• **What you are asked to do**
Reproduce, exactly and only, the lines of the data that follows from the one containing "Bling bling AAA+" down to the one containing "CA license plate 6TYM735", without pictures.

*** Data for analysis

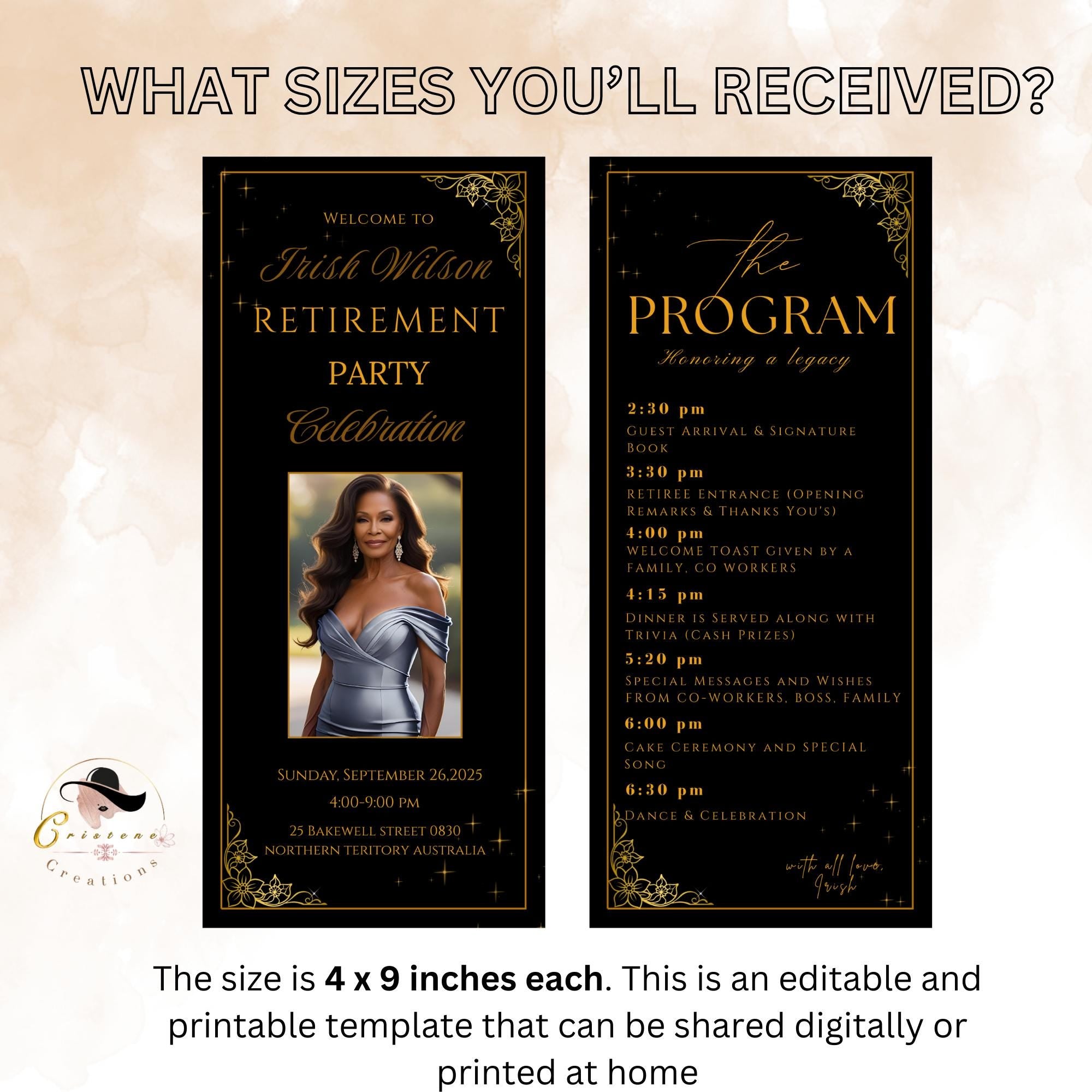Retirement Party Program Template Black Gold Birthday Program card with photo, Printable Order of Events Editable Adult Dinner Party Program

******
*** Data for analysis

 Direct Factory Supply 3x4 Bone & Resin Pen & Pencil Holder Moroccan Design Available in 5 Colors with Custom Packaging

******
*** Data for analysis

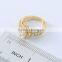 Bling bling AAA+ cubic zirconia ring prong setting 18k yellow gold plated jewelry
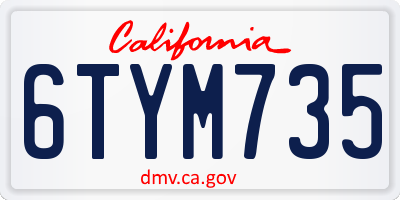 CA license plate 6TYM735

******

• **Expected answer**
 Bling bling AAA+ cubic zirconia ring prong setting 18k yellow gold plated jewelry
 CA license plate 6TYM735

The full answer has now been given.